Mahkamah Konstitusi (MK) menerima kunjungan 64 Mahasiswa Fakultas Syariah IAIN Bengkulu, Kamis (30/11). Mereka disambut Peneliti MK Helmi Kasim di Ruang Delegasi Lantai Empat. Dalam kunjungan, dirinya menjelaskan putusan MK yang memasukkan penghayat kepercayaan dalam kolom agama. Helmi menjelaskan ini untuk merespon pertanyaan salah satu mahasiswa. “Sebelum adanya putusan ini, MK telah ada pengujian Undang-Undang Penodaan Agama,” jelasnya.
Dari sini, pembahasan masuk dalam ranah aliran sesat dalam suatu agama. Bahwa aliran sesat secara sederhana adalah ajaran yang menyimpang dari isi pokok agama. Untuk menentukan aliran sesat atau tidak, jelas Helmi, yang menentukan adalah otoritas agama resmi. Pemerintah dalam hal ini tak boleh mengeluarkan pendapat mengenai sesatnya suatu aliran. Namun pemerintah berhak untuk mentertibkan aliran sesat dalam konteks di publik.
Lainnya, pembahasan juga masuk dalam ranah perlindungan agama resmi di Indonesia beserta aliran kepercayaan yang hidup di Indonesia. Pemaknaan perlindungan bagi penganut aliran kepercayaan dimaknai dengan memenuhi kebutuhan hak asasi mereka. Dalam konteks administrasi kependudukan ternyata ini belum terwujud. “Konteks terkini, para penghayat kepercayaan mendapat kesulitan dalam pengisian kolom agama di KTP. Ini membuat mereka harus berpura-pura mencantumkan salah satu lima agama besar di Indonesia,” jelasnya.

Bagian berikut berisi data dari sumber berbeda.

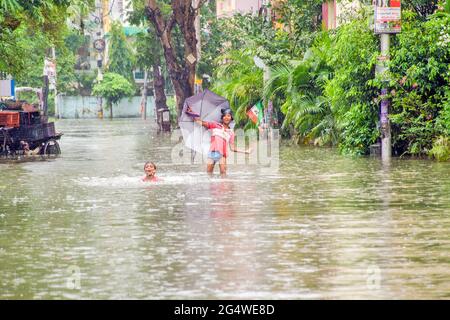 Some moments of naughtiness of two boys on the streets of Kolkata submerged in the rain. Looking at this picture reminds us of our childhood memories. Stock Photo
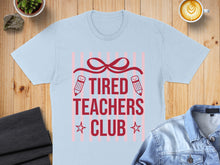 Load image into Gallery viewer, Light blue t-shirt with red text "TIRED TEACHERS CLUB" and pencil graphics.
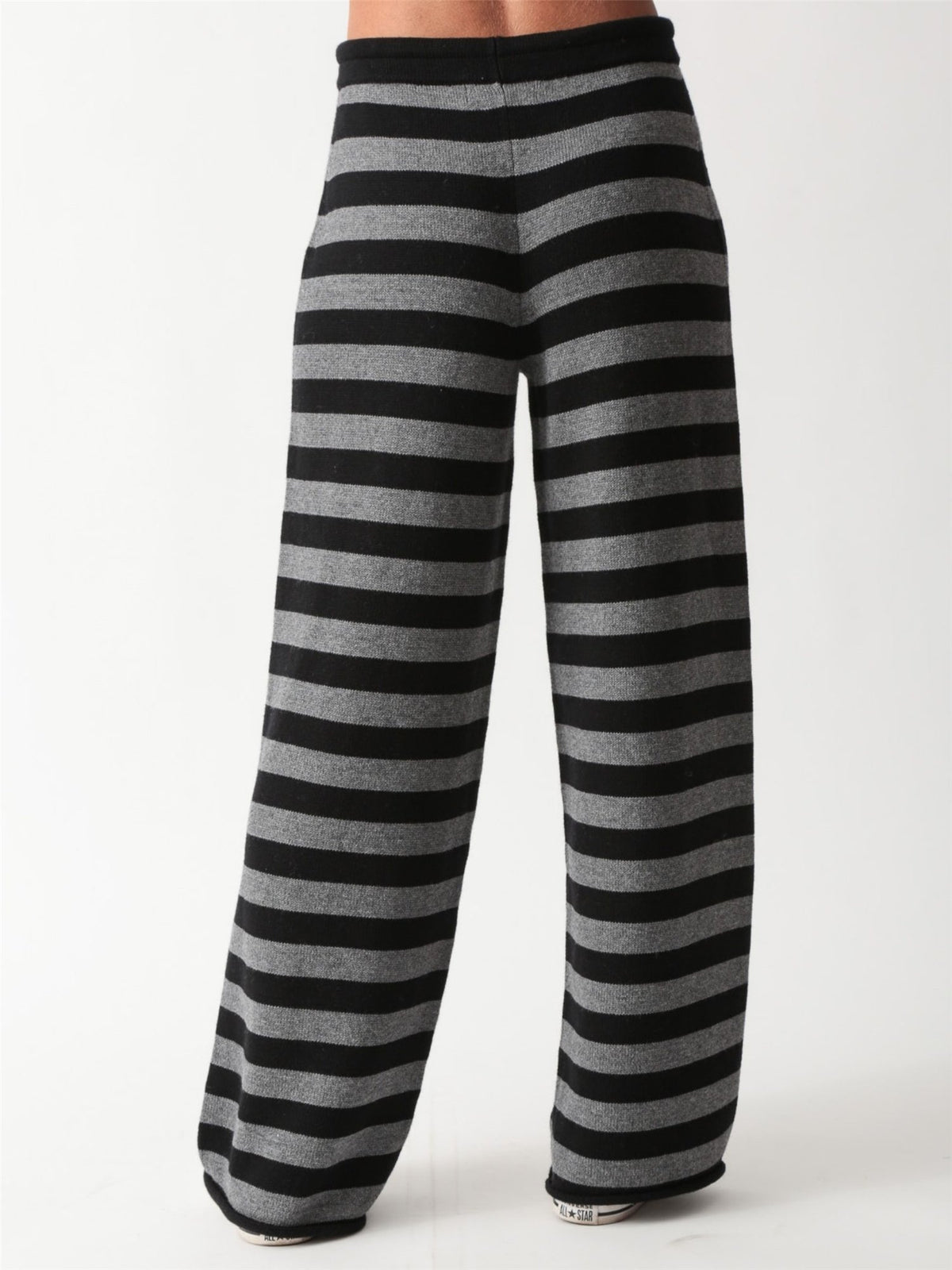 Woman wearing a black and heather grey striped knit crewneck sweater with matching wide-leg drawstring knit pants and white sneakers.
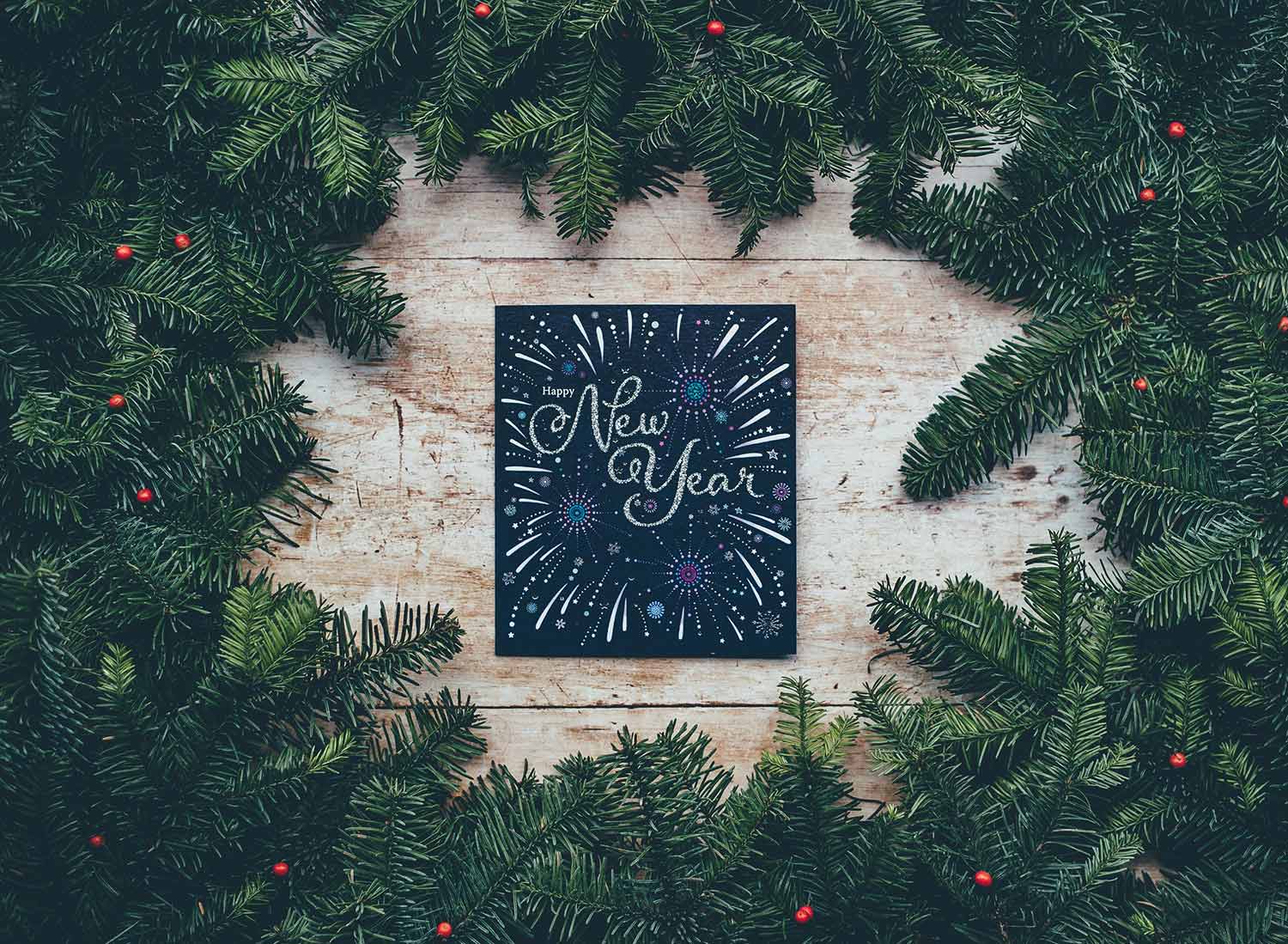 A hand-lettered sign reading "New Year" is surrounded by pine branches. Practical New Year's resolutions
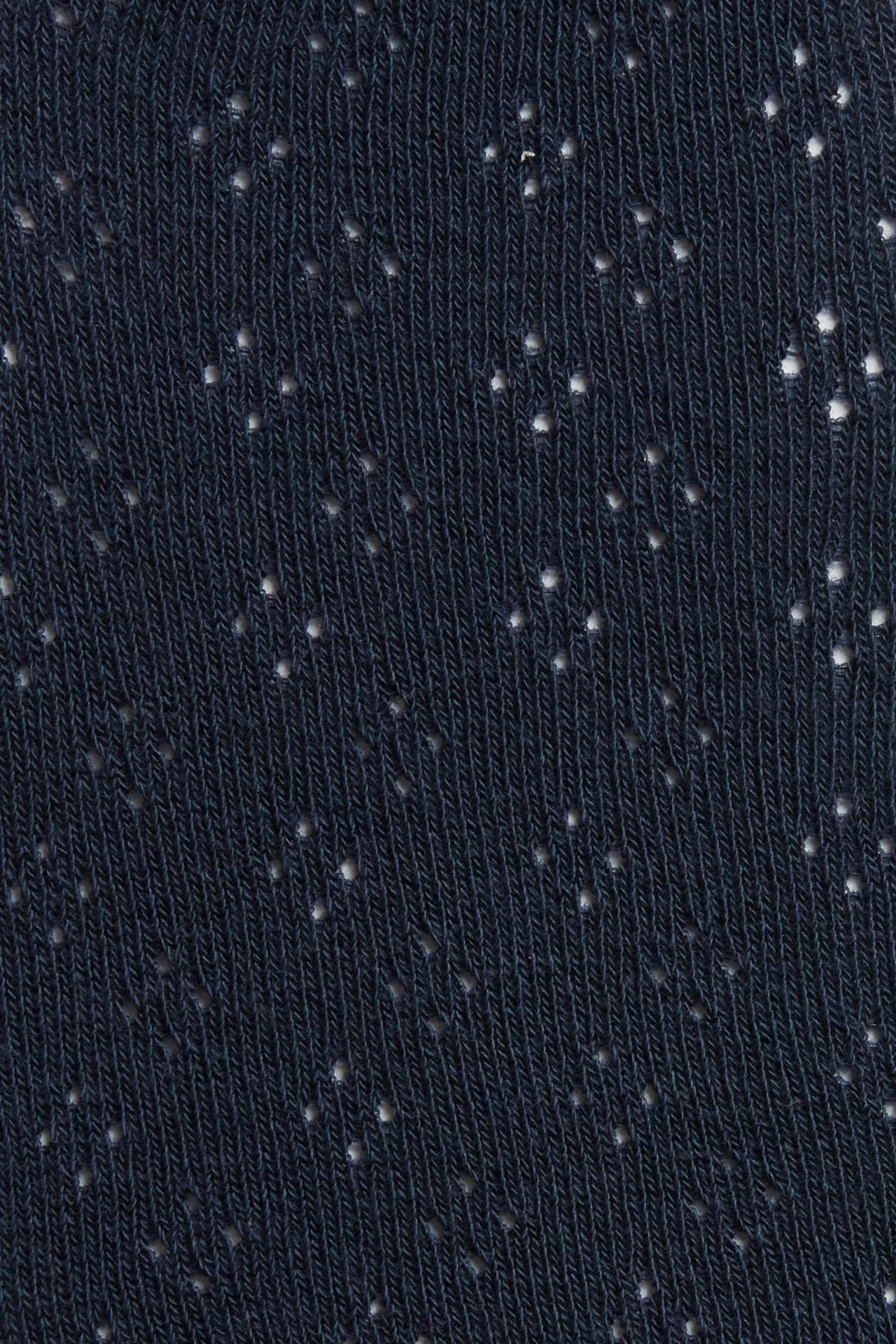 Close-up of dark blue tights with a subtle knitted hole pattern.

Dengan putusan MK ini, lanjut Helmi, akhirnya penghayat kepercayaan mendapatkan secara utuh hak asasinya dalam konteks pelayanan administrasi bernegara. Bahkan seorang Ateis pun, meskipun salah dalam konteks agama, dia tidak boleh direnggut hak asasinya sedikitpun. Hal demikian juga berlaku untuk penghayat kepercayaan.
Di sisi lain, Helmi menyatakan pencantuman penghayat kepercayaan memudahkan pendataan bagi negara. Sebab jumlah mereka saat ini belumlah terdata jelas.
Selain tentang putusan MK terkait penghayat kepercayaan, Helmi menjelaskan tentang perbedaan MK Indonesia dengan MK negara lain. Ini untuk merespon pertanyaan mahasiswa lainnya. Di beberapa negara, kata Helmi, kewenangan MK ada yang menyatu dengan MA. “Saat proses amendemen, sempat ada wacana kewenangan MK masuk ke dalam MA. Namun ditolak karena MA menyebut pihaknya sudah banyak memegang perkara,” jelasnya.
Dia menyebut MK di Hongaria, Jerman, serta Turki memiliki kewenangan constitutional complaint. Helmi menjelaskan kewenangan tersebut tidak ada di MK Indonesia. Di negara lain, Pemohon yang mengajukan permohonan bukan individu atau perseorangan layaknya di Indonesia.
Saat kunjungan, Helmi juga menyinggung sejarah awal berdirinya MK. Lembaga ini lahir saat Indonesia memasuki era reformasi. Melalui proses amendemen Konstitusi yang berlangsung pada 1999 hingga 2002, akhirnya lembaga ini terbentuk. Helmi menyebut MK adalah lembaga pengawal Konstitusi. Setiap warga negara Indonesia dapat menguji suatu UU bertentangan dengan Konstitusi ataukah tidak. Inilah makna bahwa MK juga sebagai lembaga yang melindungi hak konstitusional warga negaranya. (ARS/LA)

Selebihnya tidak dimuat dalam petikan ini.